I am actively searching for writers who identify as being part of marginalized communities.
My list is fairly broad at the moment. I am looking for narrative-driven books. I am drawn to popular cultural topics (music, fashion, biography, science, history) with an academic approach. I especially love projects that engage with current social issues, ones that address the origins of cultural values, especially in matters of race, gender and sexuality, religion, and language. In particular, I am interested in works that challenge long-held cultural narratives. I am always on the search for books that call into question cultural myths or the continuity of ideas.
I want to read works that make me view an old concept in a new way. More recently, I find myself being drawn strongly to narratives about people who have caused a positive impact or left a positive legacy in the world or their community.
My fiction is also a bit all over the place. I have a strong interest in speculative fiction, especially when those stories don't feel the need to explain the "why" of the speculative elements. Favorite recent reads in this vein would be Nothing to See Here and Piranesi, which explore difficult topics through an ethical (i.e. how they relate to those around them) lens.
I also love mystery and thriller with main characters who simply find themselves in the wrong place at the wrong time. I'm also hoping to add some thought-provoking upmarket horror to my list. I am also a huge fan of genre-bending stories that have upmarket or literary elements to the writing.
I love encountering new, vibrant worlds that feel like they extend beyond the borders of the page without detracting from the central narrative. I am drawn into a story by parent/child relationships (especially with adult children or non-traditional families), themes of reconciliation and redemption, strong non-romance relationships (especially where you would expect romance), and misunderstood rivals. Really, I am taken in by deeply ethical stories; i.e. stories that foreground how characters relate to one another and how those connections situate them in their world. Also heists... I want to read all the heists.
What not to send me
While I love reading YA, I do not represent it. I would love to include it in my list, but I don't have infinite free time, and there are other agents who will be much better champions of your YA works. (This also includes NA and MG.)

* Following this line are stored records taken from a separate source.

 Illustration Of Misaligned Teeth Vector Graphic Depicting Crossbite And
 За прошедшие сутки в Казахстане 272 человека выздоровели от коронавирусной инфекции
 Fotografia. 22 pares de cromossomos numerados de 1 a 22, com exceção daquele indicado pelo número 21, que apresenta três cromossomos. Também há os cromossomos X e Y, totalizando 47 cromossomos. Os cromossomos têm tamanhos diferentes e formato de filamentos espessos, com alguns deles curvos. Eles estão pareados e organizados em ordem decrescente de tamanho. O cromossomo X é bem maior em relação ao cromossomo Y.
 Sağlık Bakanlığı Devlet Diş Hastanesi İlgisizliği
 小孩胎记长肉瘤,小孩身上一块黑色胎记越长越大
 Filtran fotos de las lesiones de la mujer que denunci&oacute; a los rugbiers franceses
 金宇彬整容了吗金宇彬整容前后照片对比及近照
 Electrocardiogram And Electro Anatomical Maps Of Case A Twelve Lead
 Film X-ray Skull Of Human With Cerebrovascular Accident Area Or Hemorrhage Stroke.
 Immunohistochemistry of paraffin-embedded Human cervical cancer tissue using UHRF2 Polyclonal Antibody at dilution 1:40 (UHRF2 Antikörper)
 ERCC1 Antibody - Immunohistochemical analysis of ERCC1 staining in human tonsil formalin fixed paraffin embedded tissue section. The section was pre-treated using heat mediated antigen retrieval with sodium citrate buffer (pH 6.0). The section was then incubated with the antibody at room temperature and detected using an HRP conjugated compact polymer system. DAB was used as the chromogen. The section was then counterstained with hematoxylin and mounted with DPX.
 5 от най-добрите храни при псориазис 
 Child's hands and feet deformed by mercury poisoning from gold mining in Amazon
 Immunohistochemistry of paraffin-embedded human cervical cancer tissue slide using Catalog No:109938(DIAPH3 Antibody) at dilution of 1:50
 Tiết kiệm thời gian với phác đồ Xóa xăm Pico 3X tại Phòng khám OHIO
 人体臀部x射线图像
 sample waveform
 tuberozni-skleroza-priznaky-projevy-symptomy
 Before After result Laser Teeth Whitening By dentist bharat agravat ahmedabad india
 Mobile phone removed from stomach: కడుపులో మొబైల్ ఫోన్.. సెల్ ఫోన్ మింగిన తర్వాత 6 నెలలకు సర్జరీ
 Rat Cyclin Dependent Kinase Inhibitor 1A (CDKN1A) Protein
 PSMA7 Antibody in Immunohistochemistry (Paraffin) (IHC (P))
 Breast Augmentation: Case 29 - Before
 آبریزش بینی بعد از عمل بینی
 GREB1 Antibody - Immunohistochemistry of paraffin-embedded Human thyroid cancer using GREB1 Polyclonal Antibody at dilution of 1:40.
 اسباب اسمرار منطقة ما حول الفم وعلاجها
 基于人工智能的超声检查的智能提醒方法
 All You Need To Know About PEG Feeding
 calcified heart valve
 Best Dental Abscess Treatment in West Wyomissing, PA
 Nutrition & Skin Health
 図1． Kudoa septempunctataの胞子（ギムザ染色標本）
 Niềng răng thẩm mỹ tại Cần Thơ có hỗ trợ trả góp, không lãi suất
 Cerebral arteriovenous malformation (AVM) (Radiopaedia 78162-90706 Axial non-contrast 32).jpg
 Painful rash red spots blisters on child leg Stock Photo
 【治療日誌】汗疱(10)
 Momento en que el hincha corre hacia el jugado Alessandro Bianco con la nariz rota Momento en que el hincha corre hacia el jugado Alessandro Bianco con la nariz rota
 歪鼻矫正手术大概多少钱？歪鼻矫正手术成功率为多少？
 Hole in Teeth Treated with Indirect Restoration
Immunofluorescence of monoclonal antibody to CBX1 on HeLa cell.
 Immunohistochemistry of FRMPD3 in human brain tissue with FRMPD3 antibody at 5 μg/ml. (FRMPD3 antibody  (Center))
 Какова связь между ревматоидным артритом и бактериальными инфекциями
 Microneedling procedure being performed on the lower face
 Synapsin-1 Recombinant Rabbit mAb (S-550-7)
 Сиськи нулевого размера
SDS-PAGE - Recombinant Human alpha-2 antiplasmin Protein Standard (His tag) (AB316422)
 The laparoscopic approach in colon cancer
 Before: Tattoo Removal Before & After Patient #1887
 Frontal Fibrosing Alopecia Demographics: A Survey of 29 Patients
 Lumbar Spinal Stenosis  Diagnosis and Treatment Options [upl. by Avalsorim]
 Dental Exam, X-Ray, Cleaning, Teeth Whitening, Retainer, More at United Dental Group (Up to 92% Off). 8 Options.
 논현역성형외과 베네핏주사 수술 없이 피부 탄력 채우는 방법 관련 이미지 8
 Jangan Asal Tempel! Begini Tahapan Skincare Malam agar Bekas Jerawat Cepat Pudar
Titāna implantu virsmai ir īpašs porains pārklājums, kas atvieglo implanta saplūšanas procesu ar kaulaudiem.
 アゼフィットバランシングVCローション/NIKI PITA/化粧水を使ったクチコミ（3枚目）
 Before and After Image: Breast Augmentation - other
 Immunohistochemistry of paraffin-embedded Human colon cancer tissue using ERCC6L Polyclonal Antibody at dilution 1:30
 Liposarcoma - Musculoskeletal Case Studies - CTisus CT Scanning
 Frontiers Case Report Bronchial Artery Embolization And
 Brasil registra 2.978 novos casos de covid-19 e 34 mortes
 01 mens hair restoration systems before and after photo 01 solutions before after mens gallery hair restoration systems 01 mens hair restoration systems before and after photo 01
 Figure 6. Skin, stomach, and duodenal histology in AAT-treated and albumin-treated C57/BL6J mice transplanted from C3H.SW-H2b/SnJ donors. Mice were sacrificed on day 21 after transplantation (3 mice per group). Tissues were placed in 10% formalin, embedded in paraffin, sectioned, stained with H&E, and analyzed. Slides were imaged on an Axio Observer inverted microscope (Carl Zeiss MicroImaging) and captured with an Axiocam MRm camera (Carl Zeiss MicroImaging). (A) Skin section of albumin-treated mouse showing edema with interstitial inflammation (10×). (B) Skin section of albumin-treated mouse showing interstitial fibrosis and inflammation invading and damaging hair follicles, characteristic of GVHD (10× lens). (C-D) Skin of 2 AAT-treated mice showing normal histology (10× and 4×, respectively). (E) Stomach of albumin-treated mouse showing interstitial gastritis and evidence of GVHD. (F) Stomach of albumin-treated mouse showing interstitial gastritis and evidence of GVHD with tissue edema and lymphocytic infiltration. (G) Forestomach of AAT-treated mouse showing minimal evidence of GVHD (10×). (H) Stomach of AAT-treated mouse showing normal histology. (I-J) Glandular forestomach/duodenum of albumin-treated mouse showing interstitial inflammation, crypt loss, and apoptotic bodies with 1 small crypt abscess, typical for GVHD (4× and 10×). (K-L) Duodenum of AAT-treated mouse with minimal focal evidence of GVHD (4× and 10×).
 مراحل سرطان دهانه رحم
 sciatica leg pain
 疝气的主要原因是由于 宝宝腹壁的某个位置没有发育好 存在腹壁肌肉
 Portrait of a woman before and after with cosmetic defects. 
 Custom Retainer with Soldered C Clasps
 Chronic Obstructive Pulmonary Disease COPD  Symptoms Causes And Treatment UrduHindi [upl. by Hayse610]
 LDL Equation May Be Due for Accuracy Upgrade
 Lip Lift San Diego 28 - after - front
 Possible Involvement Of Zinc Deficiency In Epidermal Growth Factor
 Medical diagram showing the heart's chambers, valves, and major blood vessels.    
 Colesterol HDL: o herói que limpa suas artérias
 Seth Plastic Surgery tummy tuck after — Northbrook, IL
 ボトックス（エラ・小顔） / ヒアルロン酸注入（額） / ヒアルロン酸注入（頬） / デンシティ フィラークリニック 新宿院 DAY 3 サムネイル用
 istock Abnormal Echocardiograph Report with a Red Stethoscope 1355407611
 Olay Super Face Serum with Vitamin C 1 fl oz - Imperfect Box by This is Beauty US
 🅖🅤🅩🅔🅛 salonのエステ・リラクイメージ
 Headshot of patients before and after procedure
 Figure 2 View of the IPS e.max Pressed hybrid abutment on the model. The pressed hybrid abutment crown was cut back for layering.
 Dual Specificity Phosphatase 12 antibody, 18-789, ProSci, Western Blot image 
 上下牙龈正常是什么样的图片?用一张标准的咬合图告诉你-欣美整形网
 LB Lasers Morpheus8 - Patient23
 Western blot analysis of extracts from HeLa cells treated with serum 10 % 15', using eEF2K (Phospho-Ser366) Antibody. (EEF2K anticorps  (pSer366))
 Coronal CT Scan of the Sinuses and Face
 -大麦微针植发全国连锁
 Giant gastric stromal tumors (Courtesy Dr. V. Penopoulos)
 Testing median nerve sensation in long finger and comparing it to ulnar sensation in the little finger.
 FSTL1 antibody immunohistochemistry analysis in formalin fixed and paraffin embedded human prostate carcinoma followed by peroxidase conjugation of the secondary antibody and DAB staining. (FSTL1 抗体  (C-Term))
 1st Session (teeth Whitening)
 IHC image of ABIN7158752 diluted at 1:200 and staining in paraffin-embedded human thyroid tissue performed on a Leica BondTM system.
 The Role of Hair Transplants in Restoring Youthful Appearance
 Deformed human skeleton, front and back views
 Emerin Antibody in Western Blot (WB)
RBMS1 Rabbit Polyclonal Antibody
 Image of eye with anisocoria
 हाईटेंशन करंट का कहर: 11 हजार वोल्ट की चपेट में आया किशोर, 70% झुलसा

Scripts, poetry collections, and cookbooks. I think they're each wonderful forms of writing, but I would have no idea what to do with them.
Stories centered around sexual violence. I will very seldom respond favorably to stories that incorporate rape or sexual assault into narratives, especially if those sorts of inclusions are simply meant to "heighten the stakes" or show how villainous an individual is.
Fiction that employs violence against women characters for the sake of moving a plot or to propel male character arcs. (Looking at you, Wheel of Time adaptation.)
Fiction that tokenizes marginalized characters.
Nonfiction that sides with neo-conservative or alt-right viewpoints.